Problem statement:
Print the records exactly and in full, please; the pictures stay out.

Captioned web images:
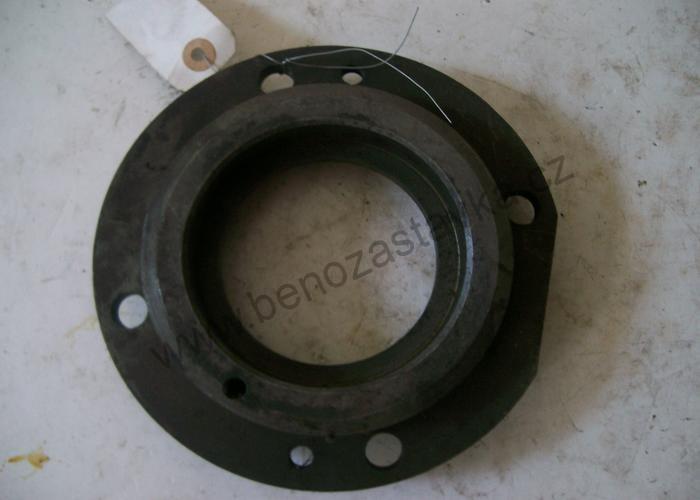 Těleso ložiska - Zetor URII
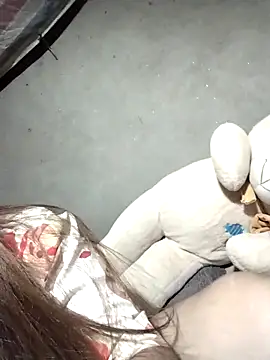 Lucky cutee online show from April 2026 11:59:01 AM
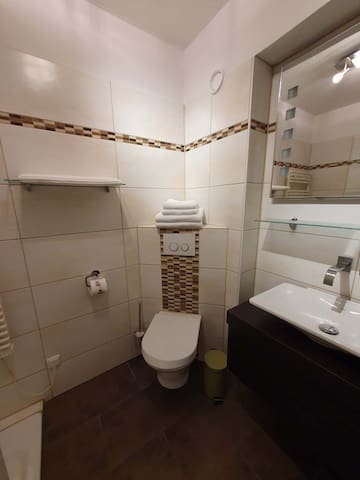 listing_image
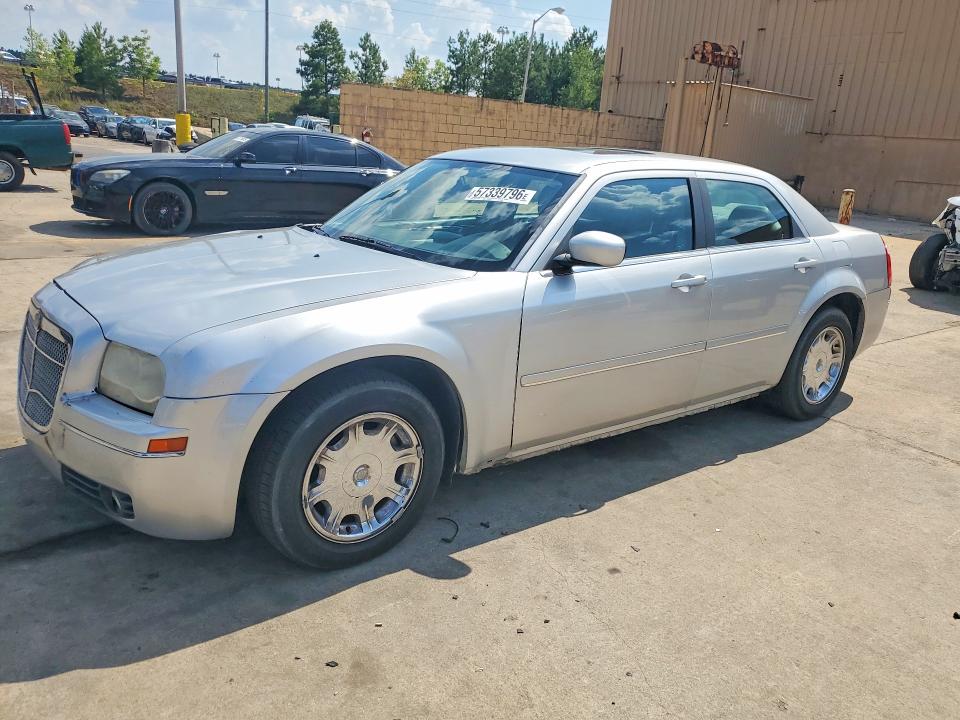 Продажа на аукционе авто 2005 Chrysler 300, vin: 2C3JA53G15H141562, номер лота: 57339796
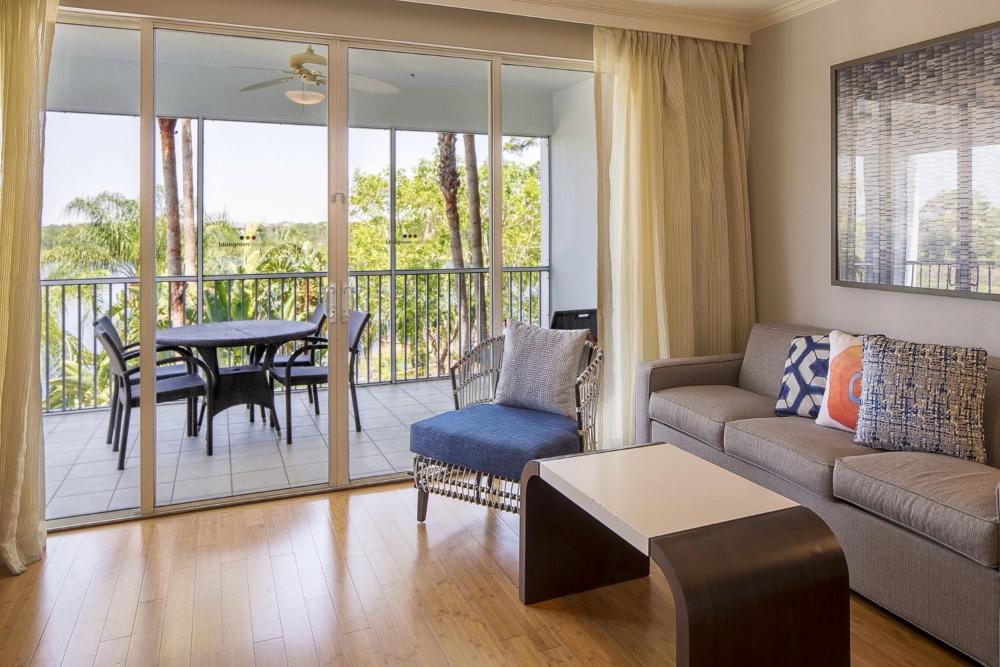 Family Suite - Non-Smoking interior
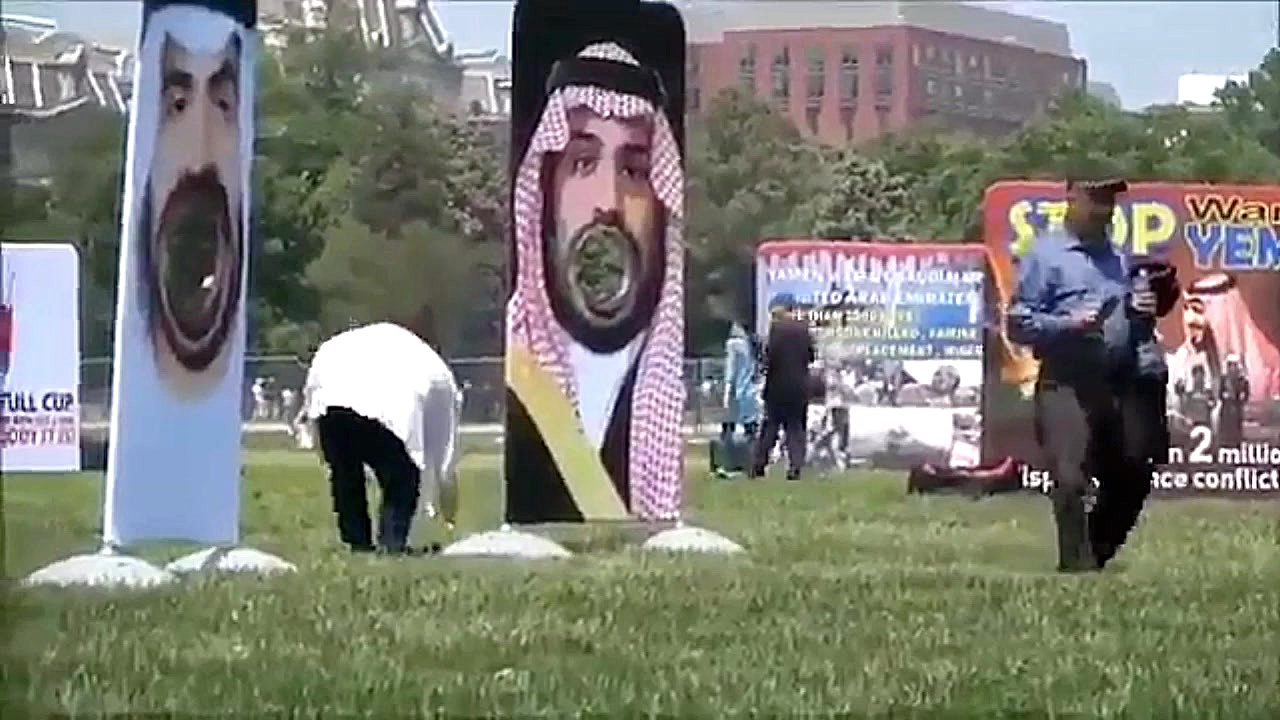 یمنی ها مقابل مزدوران سعودی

Response to the task:
 Těleso ložiska - Zetor URII
 Lucky cutee online show from April 2026 11:59:01 AM
 listing_image
 Продажа на аукционе авто 2005 Chrysler 300, vin: 2C3JA53G15H141562, номер лота: 57339796
 Family Suite - Non-Smoking interior
 یمنی ها مقابل مزدوران سعودی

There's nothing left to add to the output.